Start of Data extracts
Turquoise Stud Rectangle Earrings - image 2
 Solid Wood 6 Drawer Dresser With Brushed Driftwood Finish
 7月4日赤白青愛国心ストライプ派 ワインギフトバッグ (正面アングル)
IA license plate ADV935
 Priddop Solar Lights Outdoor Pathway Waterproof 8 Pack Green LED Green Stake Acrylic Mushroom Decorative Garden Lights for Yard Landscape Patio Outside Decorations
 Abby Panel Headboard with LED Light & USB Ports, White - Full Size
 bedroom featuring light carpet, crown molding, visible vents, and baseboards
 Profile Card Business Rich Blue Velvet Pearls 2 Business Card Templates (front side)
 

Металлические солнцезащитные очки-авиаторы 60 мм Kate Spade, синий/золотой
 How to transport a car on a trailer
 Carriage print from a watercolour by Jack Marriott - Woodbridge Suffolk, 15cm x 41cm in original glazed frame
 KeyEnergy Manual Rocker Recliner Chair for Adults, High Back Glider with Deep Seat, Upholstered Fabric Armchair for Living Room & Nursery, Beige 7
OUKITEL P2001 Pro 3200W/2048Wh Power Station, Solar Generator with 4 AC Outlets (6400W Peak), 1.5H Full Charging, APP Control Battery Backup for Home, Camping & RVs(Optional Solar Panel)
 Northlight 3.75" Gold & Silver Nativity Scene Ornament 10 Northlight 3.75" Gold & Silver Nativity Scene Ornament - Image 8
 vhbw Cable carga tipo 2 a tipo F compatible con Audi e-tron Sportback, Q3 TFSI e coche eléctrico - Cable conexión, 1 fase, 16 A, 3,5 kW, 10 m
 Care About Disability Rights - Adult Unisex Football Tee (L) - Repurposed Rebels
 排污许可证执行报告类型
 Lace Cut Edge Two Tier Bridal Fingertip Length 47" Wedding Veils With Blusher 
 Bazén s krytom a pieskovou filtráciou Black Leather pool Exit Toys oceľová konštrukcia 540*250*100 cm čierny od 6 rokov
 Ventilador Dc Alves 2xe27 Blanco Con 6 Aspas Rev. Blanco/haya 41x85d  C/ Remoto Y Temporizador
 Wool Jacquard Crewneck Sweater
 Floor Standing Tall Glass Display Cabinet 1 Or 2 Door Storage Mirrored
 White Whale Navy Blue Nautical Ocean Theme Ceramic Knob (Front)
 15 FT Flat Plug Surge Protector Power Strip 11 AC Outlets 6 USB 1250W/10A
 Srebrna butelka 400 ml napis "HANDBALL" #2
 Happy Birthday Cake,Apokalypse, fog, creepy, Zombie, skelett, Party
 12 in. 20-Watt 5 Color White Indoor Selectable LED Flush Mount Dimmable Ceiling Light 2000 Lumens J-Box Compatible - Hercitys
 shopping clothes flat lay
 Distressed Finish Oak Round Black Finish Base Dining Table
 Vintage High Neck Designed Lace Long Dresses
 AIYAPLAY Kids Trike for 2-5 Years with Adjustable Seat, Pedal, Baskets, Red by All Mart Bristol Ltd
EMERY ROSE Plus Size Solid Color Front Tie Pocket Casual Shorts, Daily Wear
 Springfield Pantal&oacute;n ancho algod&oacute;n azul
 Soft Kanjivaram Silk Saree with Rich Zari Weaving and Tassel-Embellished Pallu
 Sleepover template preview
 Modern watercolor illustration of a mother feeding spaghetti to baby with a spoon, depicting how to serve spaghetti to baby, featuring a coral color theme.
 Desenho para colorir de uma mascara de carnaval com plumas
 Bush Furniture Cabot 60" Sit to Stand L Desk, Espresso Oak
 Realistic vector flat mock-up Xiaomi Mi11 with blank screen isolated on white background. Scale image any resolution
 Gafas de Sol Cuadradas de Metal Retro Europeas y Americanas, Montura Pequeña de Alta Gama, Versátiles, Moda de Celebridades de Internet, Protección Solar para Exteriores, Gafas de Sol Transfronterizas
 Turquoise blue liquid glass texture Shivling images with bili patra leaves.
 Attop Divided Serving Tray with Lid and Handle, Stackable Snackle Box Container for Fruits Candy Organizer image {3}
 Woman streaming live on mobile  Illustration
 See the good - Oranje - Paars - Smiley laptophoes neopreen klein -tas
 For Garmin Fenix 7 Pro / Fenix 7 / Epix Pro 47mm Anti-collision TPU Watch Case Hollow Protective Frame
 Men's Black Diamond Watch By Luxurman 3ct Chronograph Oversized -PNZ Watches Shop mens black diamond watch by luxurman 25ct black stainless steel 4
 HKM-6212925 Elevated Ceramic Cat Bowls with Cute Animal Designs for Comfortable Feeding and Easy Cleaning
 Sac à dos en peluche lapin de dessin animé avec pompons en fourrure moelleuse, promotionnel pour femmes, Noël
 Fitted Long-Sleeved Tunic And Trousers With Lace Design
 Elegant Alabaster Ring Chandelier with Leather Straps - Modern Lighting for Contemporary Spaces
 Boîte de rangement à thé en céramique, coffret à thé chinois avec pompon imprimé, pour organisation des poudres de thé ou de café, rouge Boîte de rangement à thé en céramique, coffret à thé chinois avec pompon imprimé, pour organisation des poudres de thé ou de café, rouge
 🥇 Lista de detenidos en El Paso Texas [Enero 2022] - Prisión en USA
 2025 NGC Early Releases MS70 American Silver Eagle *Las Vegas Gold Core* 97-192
End of Data extracts
# Aim of the task
Above are some records; copy each line there that contains "avec".

# Response
 Sac à dos en peluche lapin de dessin animé avec pompons en fourrure moelleuse, promotionnel pour femmes, Noël
 Boîte de rangement à thé en céramique, coffret à thé chinois avec pompon imprimé, pour organisation des poudres de thé ou de café, rouge Boîte de rangement à thé en céramique, coffret à thé chinois avec pompon imprimé, pour organisation des poudres de thé ou de café, rouge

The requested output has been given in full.